=== Begin Enclosure ===

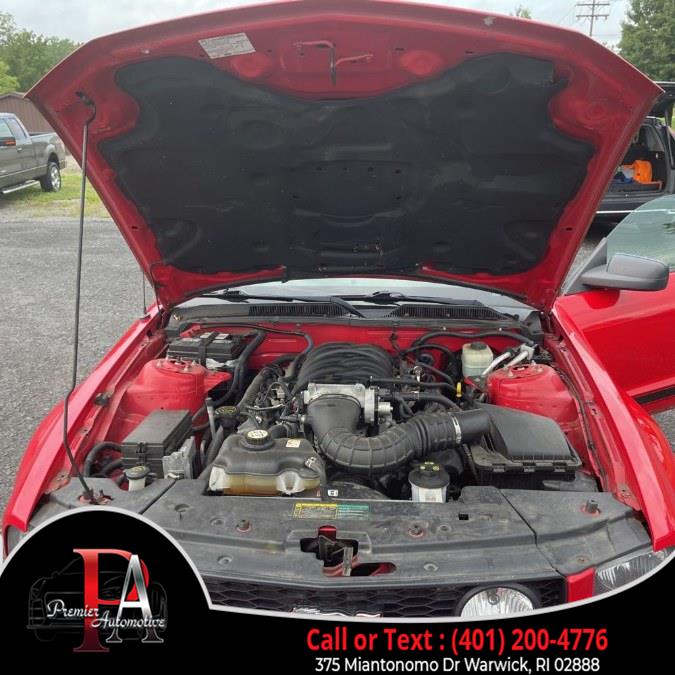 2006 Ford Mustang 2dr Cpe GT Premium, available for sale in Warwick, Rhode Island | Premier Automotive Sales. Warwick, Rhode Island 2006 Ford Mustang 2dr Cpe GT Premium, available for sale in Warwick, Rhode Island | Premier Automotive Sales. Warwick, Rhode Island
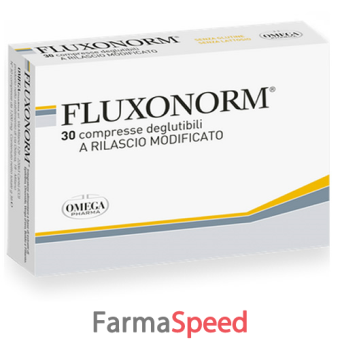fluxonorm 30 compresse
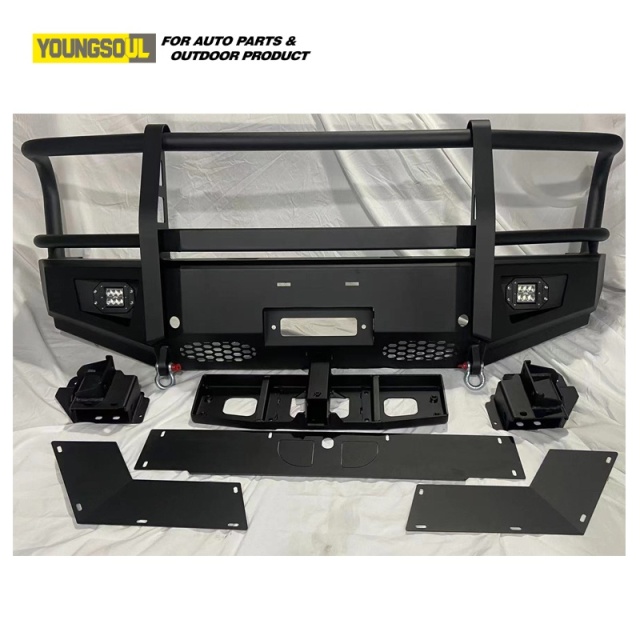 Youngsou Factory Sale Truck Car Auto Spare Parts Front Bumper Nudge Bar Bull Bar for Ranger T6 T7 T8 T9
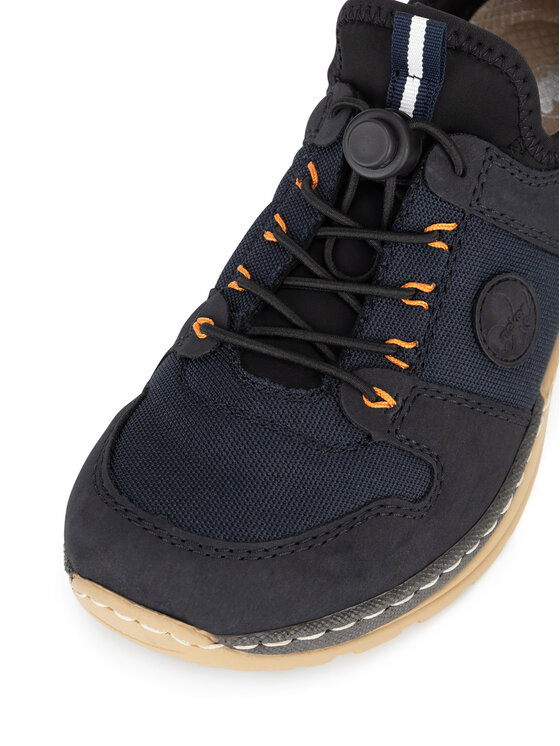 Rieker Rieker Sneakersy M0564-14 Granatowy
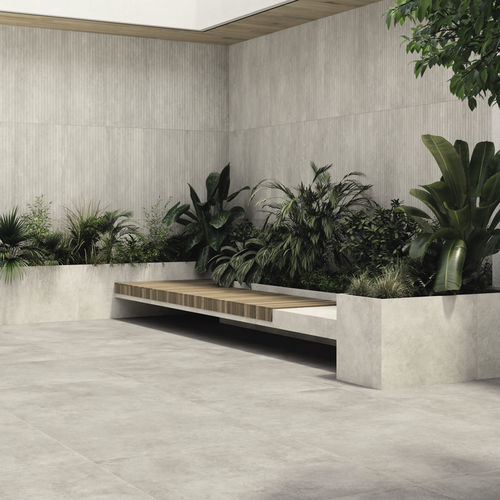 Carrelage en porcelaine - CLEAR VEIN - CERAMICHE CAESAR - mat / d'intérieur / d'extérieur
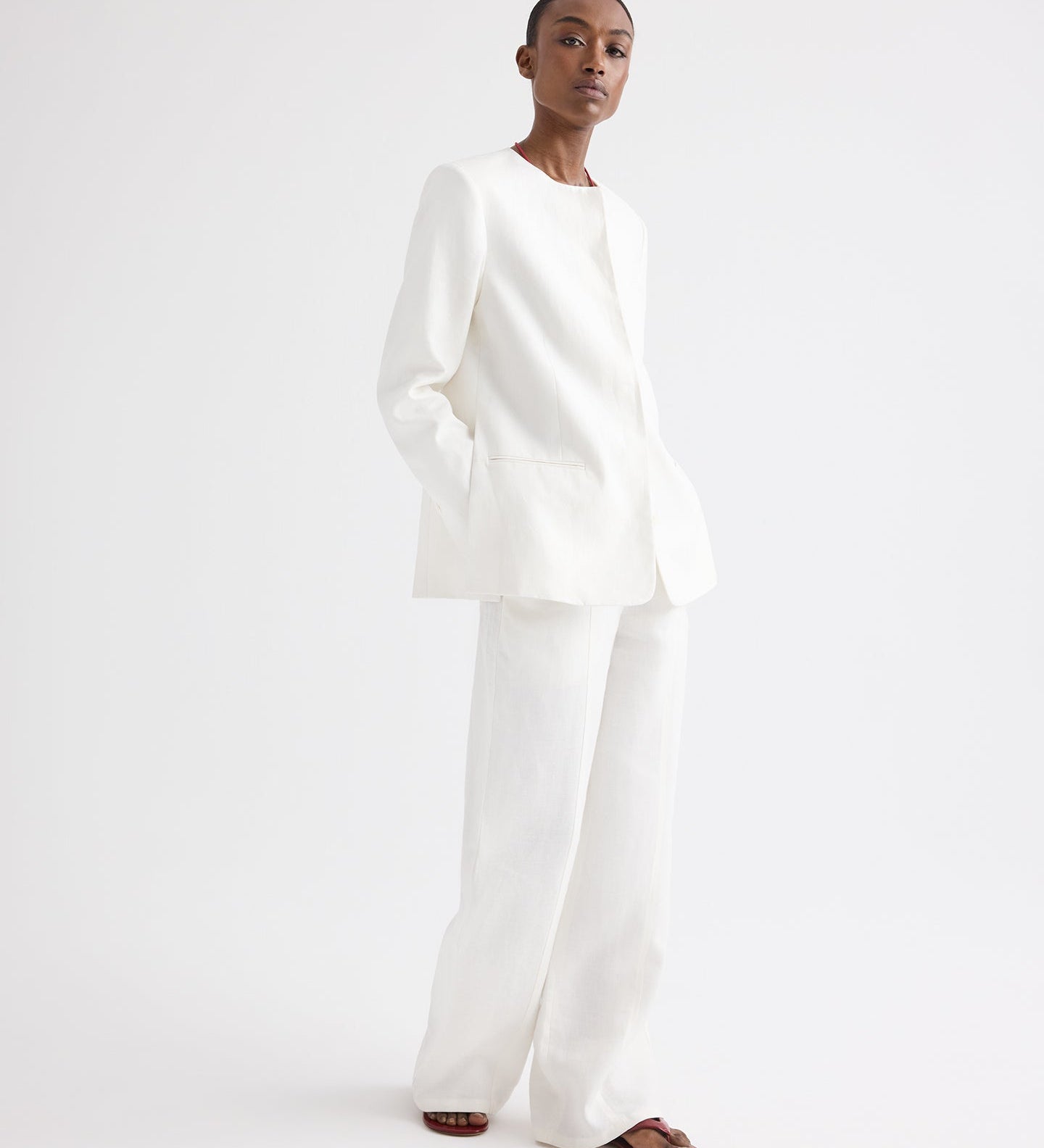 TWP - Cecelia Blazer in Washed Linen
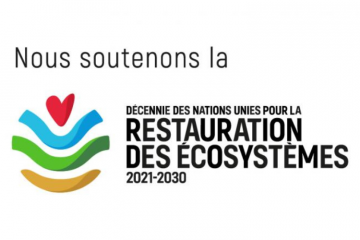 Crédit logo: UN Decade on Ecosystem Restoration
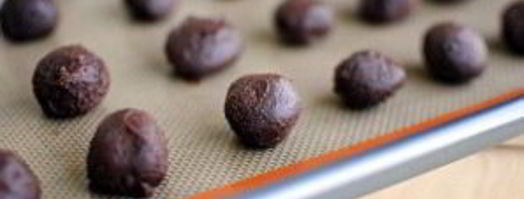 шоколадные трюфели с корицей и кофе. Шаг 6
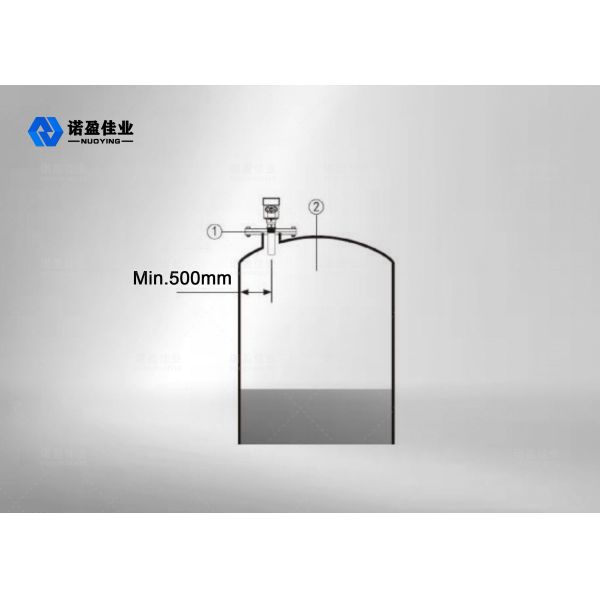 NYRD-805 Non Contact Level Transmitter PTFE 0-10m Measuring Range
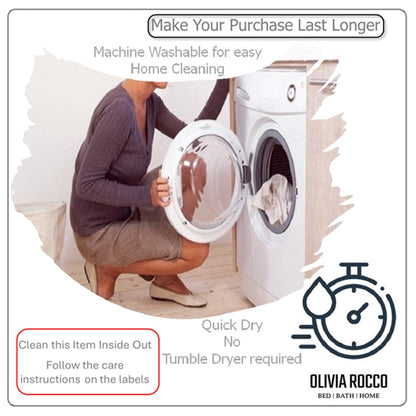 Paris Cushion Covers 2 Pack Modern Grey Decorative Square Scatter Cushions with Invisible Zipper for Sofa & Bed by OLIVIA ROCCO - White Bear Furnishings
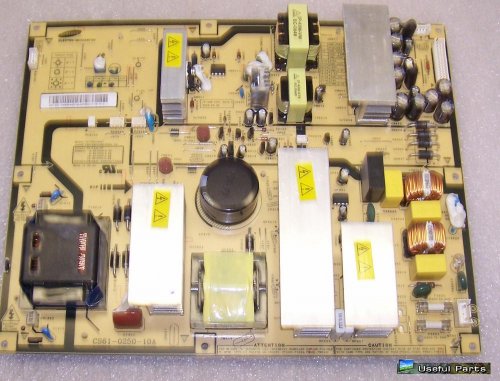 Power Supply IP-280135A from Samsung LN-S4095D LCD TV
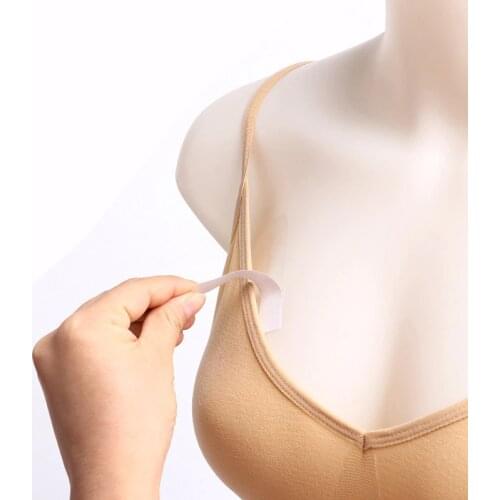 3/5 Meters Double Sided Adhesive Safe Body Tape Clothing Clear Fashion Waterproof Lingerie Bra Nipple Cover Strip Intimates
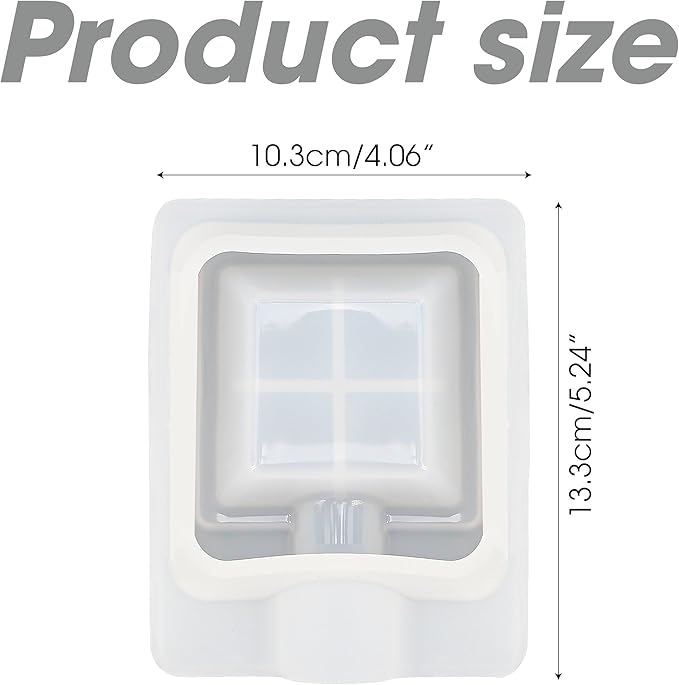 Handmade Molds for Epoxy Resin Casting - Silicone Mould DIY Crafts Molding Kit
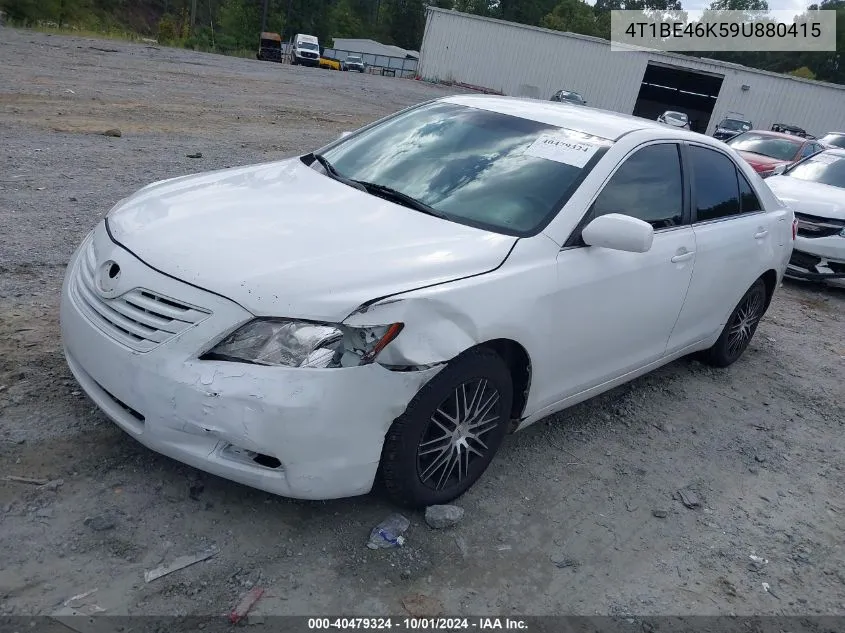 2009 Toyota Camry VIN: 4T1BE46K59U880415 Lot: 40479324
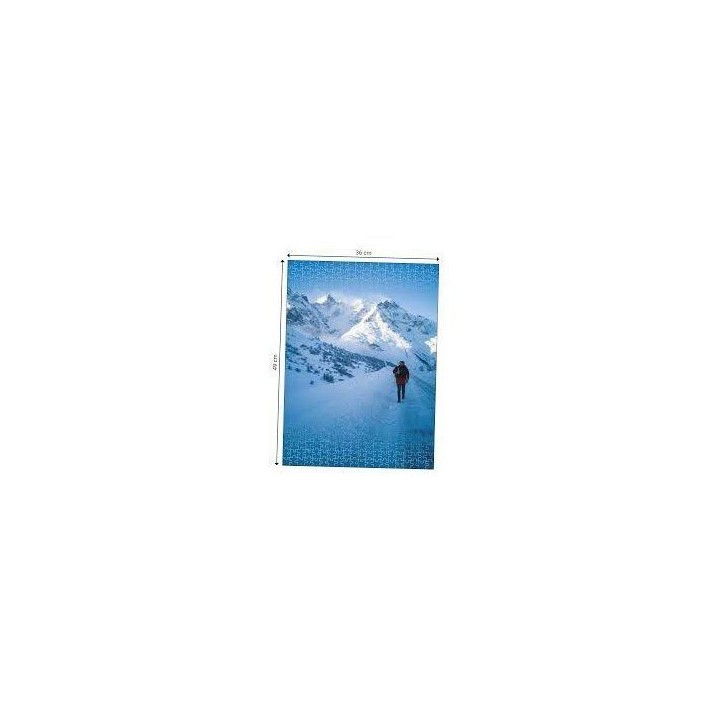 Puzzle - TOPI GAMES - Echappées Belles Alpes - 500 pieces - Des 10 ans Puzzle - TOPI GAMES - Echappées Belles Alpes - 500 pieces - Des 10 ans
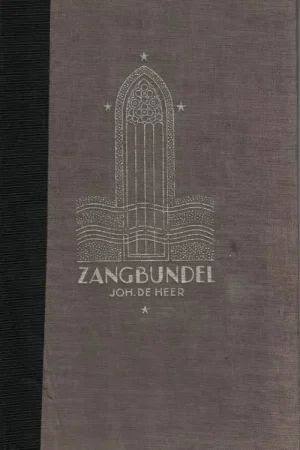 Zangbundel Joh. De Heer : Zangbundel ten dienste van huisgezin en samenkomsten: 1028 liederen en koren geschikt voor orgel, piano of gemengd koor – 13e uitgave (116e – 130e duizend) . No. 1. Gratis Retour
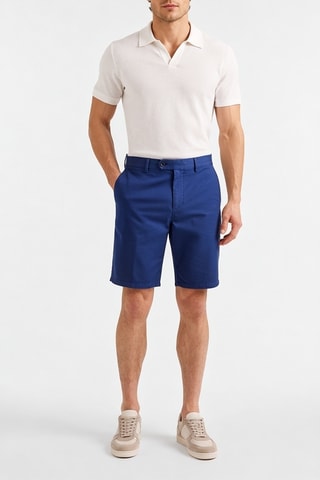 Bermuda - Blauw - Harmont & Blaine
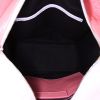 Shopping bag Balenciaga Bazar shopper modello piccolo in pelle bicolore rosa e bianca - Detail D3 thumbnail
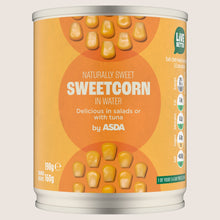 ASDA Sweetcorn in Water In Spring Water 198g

=== End Enclosure ===

What you have to do —
Quote word for word only the lines above from the one containing "Rieker Rieker Sneakersy M0564-14 Granatowy" through the one containing "Shopping bag Balenciaga". Pictures stay out of your copy.

Expected answer —
 Rieker Rieker Sneakersy M0564-14 Granatowy
 Carrelage en porcelaine - CLEAR VEIN - CERAMICHE CAESAR - mat / d'intérieur / d'extérieur
 TWP - Cecelia Blazer in Washed Linen
 Crédit logo: UN Decade on Ecosystem Restoration
 шоколадные трюфели с корицей и кофе. Шаг 6
 NYRD-805 Non Contact Level Transmitter PTFE 0-10m Measuring Range
 Paris Cushion Covers 2 Pack Modern Grey Decorative Square Scatter Cushions with Invisible Zipper for Sofa & Bed by OLIVIA ROCCO - White Bear Furnishings
 Power Supply IP-280135A from Samsung LN-S4095D LCD TV
 3/5 Meters Double Sided Adhesive Safe Body Tape Clothing Clear Fashion Waterproof Lingerie Bra Nipple Cover Strip Intimates
 Handmade Molds for Epoxy Resin Casting - Silicone Mould DIY Crafts Molding Kit
 2009 Toyota Camry VIN: 4T1BE46K59U880415 Lot: 40479324
 Puzzle - TOPI GAMES - Echappées Belles Alpes - 500 pieces - Des 10 ans Puzzle - TOPI GAMES - Echappées Belles Alpes - 500 pieces - Des 10 ans
 Zangbundel Joh. De Heer : Zangbundel ten dienste van huisgezin en samenkomsten: 1028 liederen en koren geschikt voor orgel, piano of gemengd koor – 13e uitgave (116e – 130e duizend) . No. 1. Gratis Retour
 Bermuda - Blauw - Harmont & Blaine
 Shopping bag Balenciaga Bazar shopper modello piccolo in pelle bicolore rosa e bianca - Detail D3 thumbnail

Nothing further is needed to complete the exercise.